This phase II trial studies how well intermittent checkpoint inhibitor therapy works in treating patients with urothelial cancer that has spread to other places in the body (advanced or metastatic). Checkpoint inhibitors, such as pembrolizumab, atezolizumab, durvalumab, nivolumab, and avelumab, are drugs that work by helping the immune system recognize and kill cancer cells. This study is being done to find out whether intermittent checkpoint inhibitor therapy works the same, better, or worse than continued checkpoint inhibitor therapy in treating patients with urothelial cancer.
Study sponsor and potential other locations can be found on ClinicalTrials.gov for NCT04322643.
PRIMARY OBJECTIVE:
I. To assess the efficacy of intermittent checkpoint inhibitor (CPI) therapy, defined as the proportion of patients who remain off therapy for at least 36 weeks.
SECONDARY OBJECTIVES:
I. To determine the clinical outcome (treatment free interval [TFI], overall response rate [ORR], progression free survival [PFS], overall survival [OS]) in advanced urothelial carcinoma with intermittent CPI therapy.
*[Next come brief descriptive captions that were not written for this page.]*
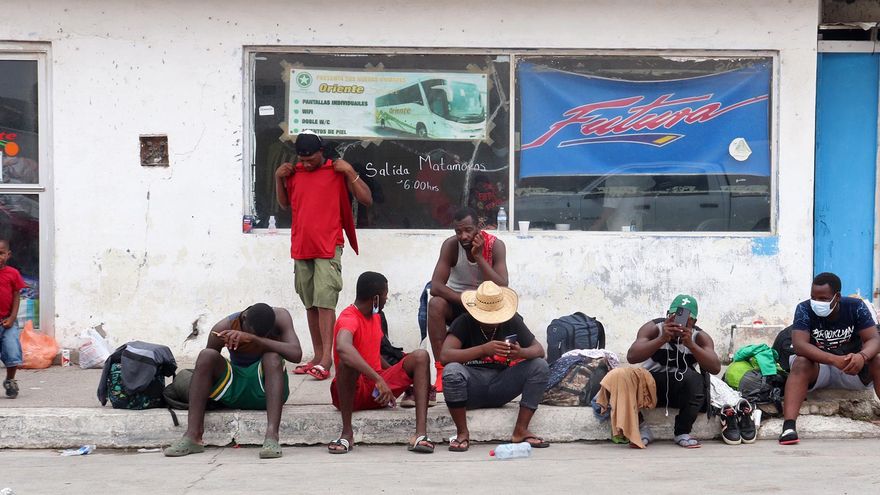 Migrantes haitianos desafían peligro y llegan a Tamaulipas
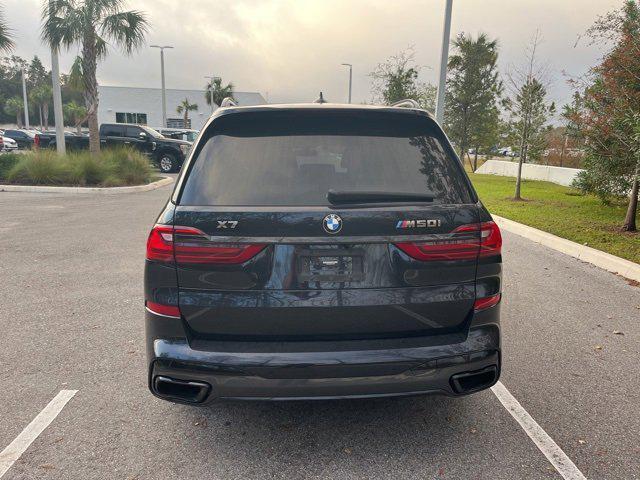 used 2022 BMW X7 car, priced at $64,932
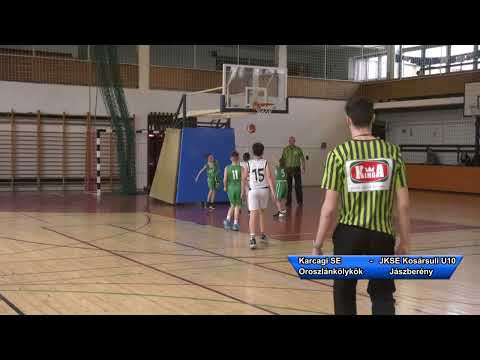 Karcagi SE Oroszlánkölykök - JKSE Kosársuli  2023.04.02. Vármegyei U10 bajnoki kosárlabda mérkőzés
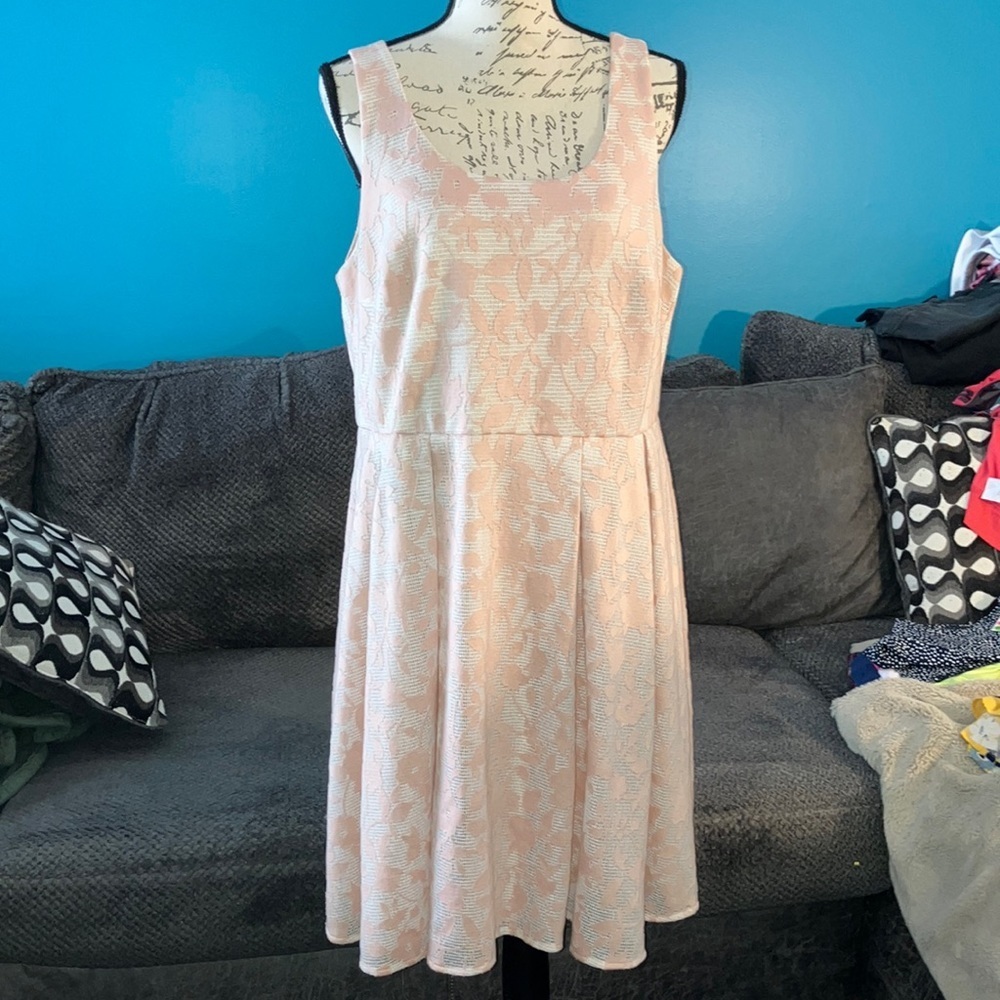 Torrid Sleeveless Pleated Dress, size 12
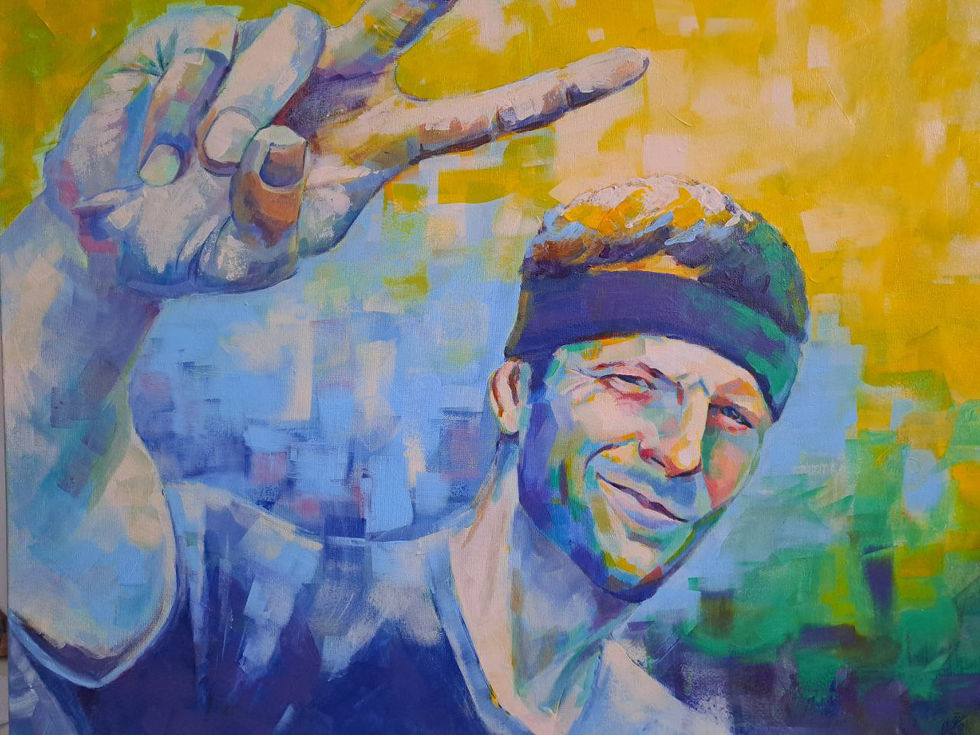 Der Moment des Sieges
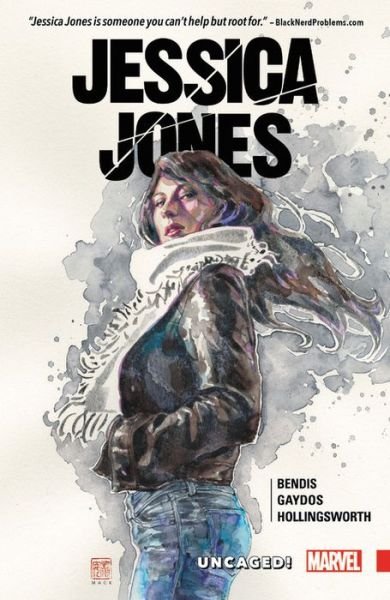 Cover for Brian Michael Bendis · Jessica Jones Vol. 1: Uncaged (Paperback Book) (2017)
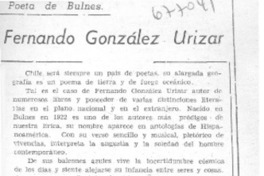 Fernando González Urízar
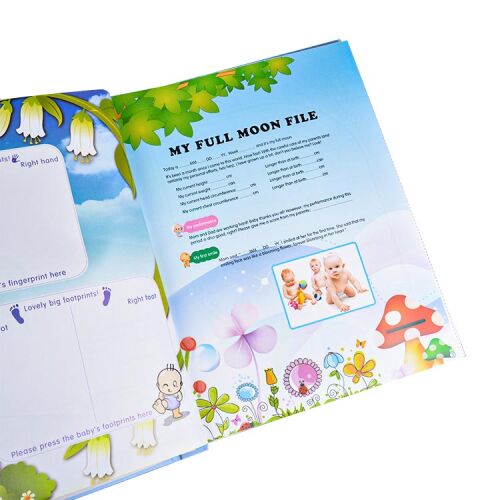 220'lik Bebek Fotoğraf Albümü - 10x15cm -15x21cm - 17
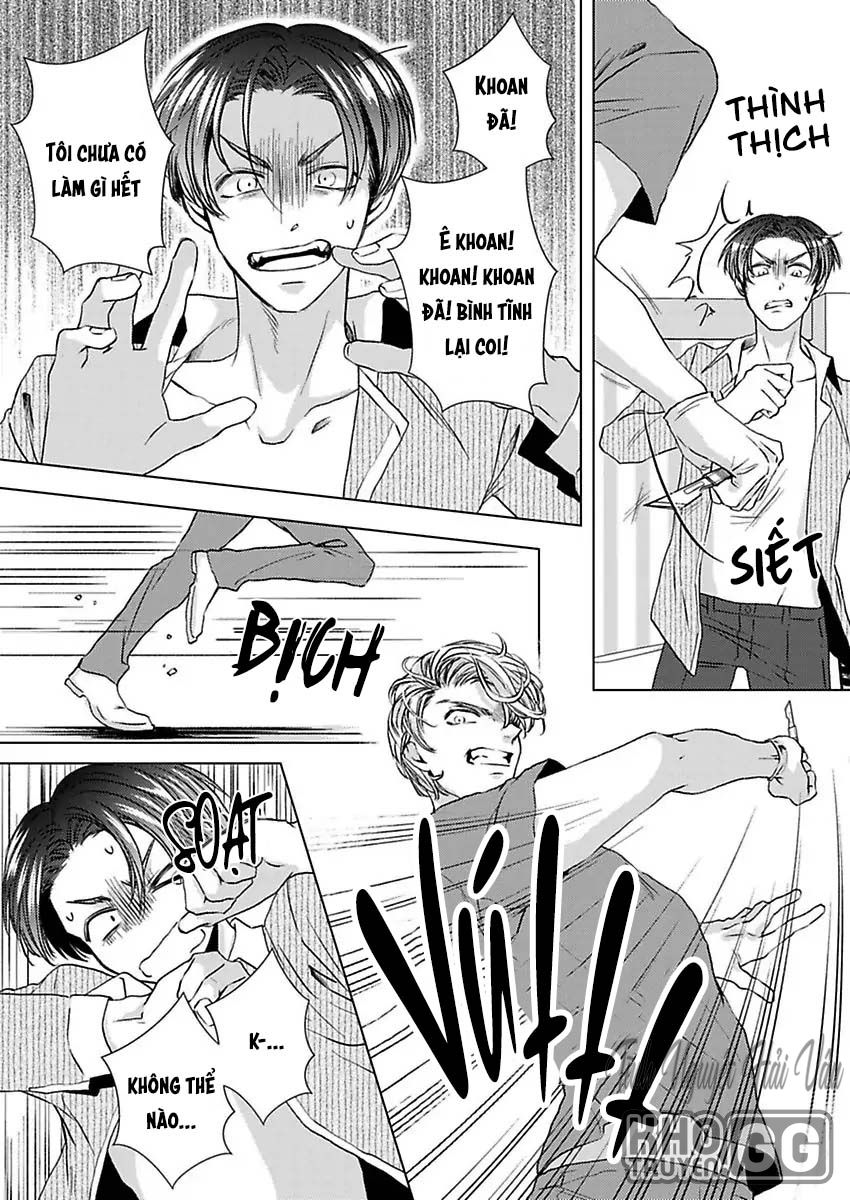 nhìn đầu ti dễ thương ấy mà anh yêu ngay từ cái nhìn đầu tiên chapter 13 12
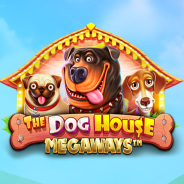 Логотип слота The Dog House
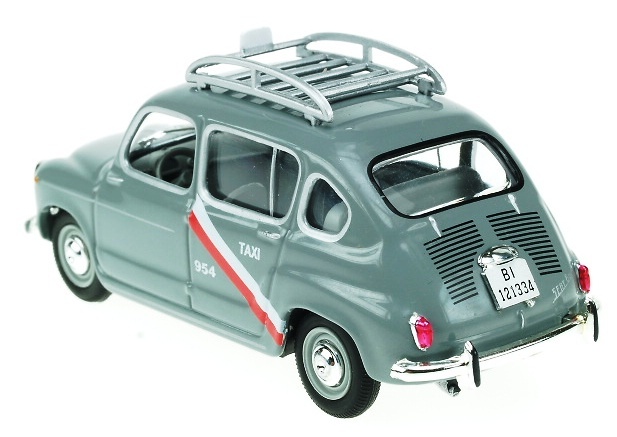 Seat 800 2A Taxi Bilbao (1968) Solido S0013 1/43 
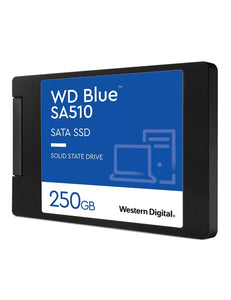 Unidad de Estado Sólido Western Digital WD Blue SA510, 250GB, Lectura 555MB/s Escritura 440MB/s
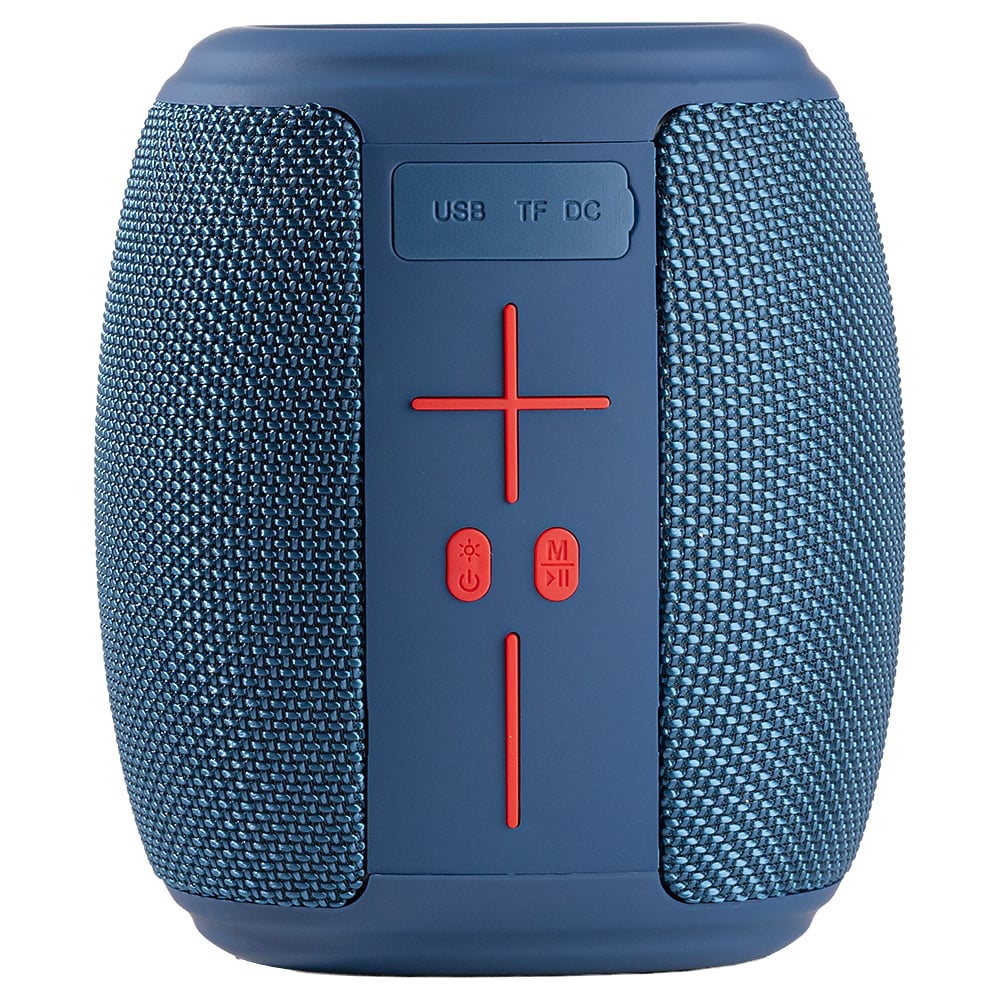Портативная колонка Smartbuy MUSE 2, Bluetooth, USB/MicroSD/FM, 8 Вт, синяя () SBS-5730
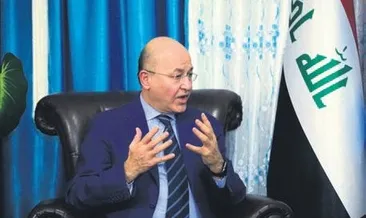 Salih, Irak’ın yeni cumhurbaşkanı oldu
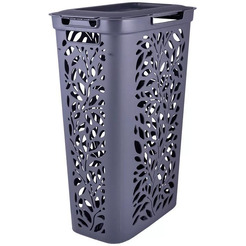Корзина для белья Leaves 40л 4349425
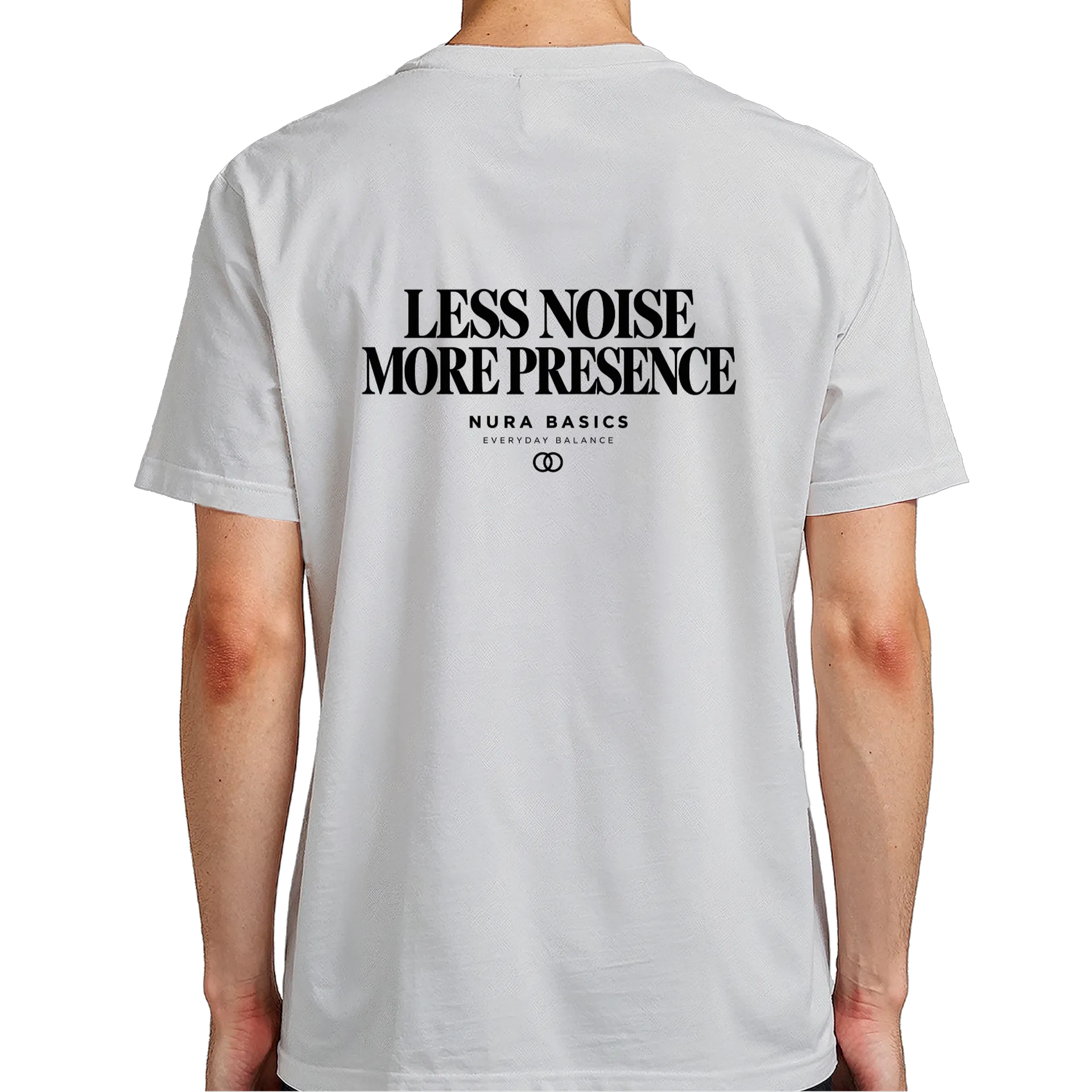Camiseta Let’s Not Move Perspective 100% Algodão Branco - Imagem 6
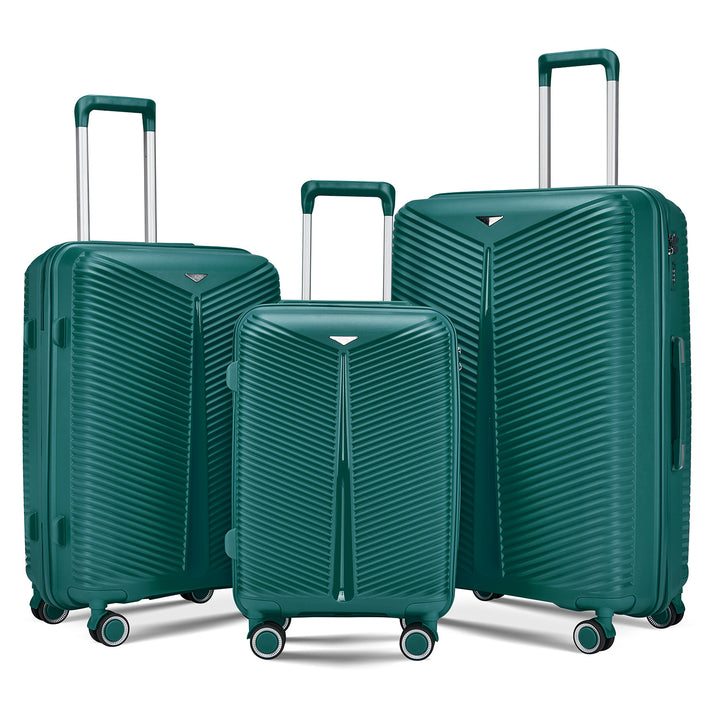 Unisex Hardshell Luggage Set Bowlift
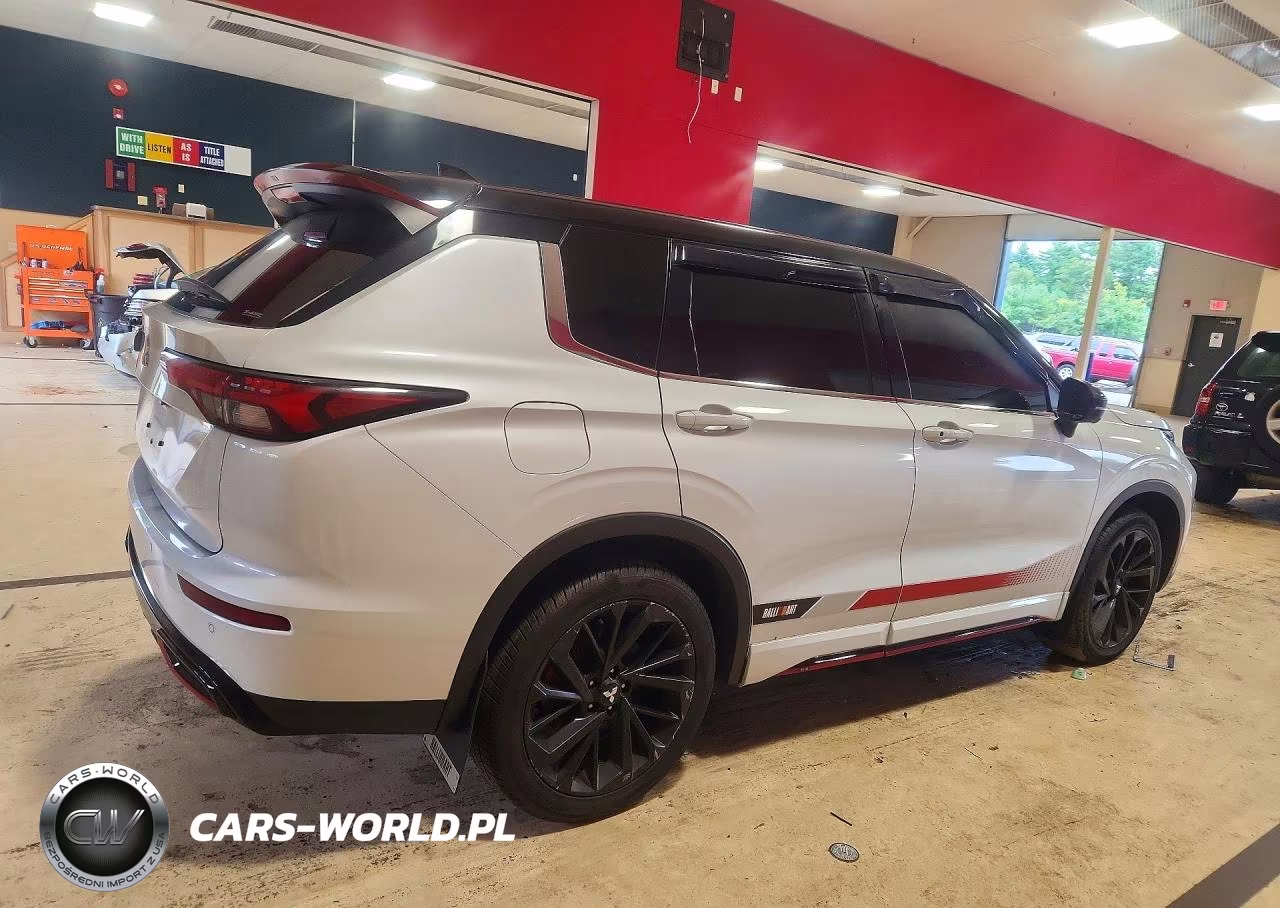 2023 Mitsubishi Outlander Se VIN:JA4J4UA84PZ048766 - 3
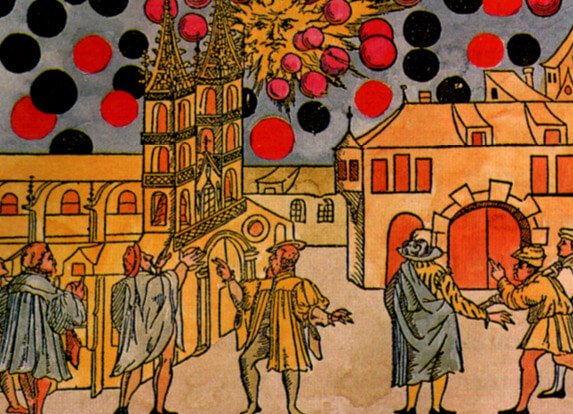 700 años de antiguos avistamientos de extraterrestres: encuentros medievales con ovnis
II. To assess response to re-initiation of CPI therapy.
CORRELATIVE OBJECTIVES:
I. Investigate the genomic and immunologic markers of response and resistance to therapy.
II. Investigate the immunomodulatory cell makeup (specifically, lymphocyte PD1 occupancy, myeloid-derived suppressor cells [MDSC], regulatory T cells [Treg], CD4 and CD8 T Cells, TCR repertoire) at the start of treatment, during the intermittent phase and off treatment.
OUTLINE:
Patients receive pembrolizumab intravenously (IV) over 30 minutes, atezolizumab IV over 30 or 60 minutes, durvalumab IV over 60 minutes, nivolumab IV over 30 minutes, or avelumab IV over 60 minutes on day 1. Cycles repeat every 14 days for durvalumab and avelumab, every 21 days for pembrolizumab and atezolizumab, and every 28 days for nivolumab in the absence of disease progression or unacceptable toxicity. After 24 weeks of CPI treatment, patients with tumor burden reduction of 10% or greater suspend CPI treatment.
After completion of study treatment, patients are followed up for 30 days.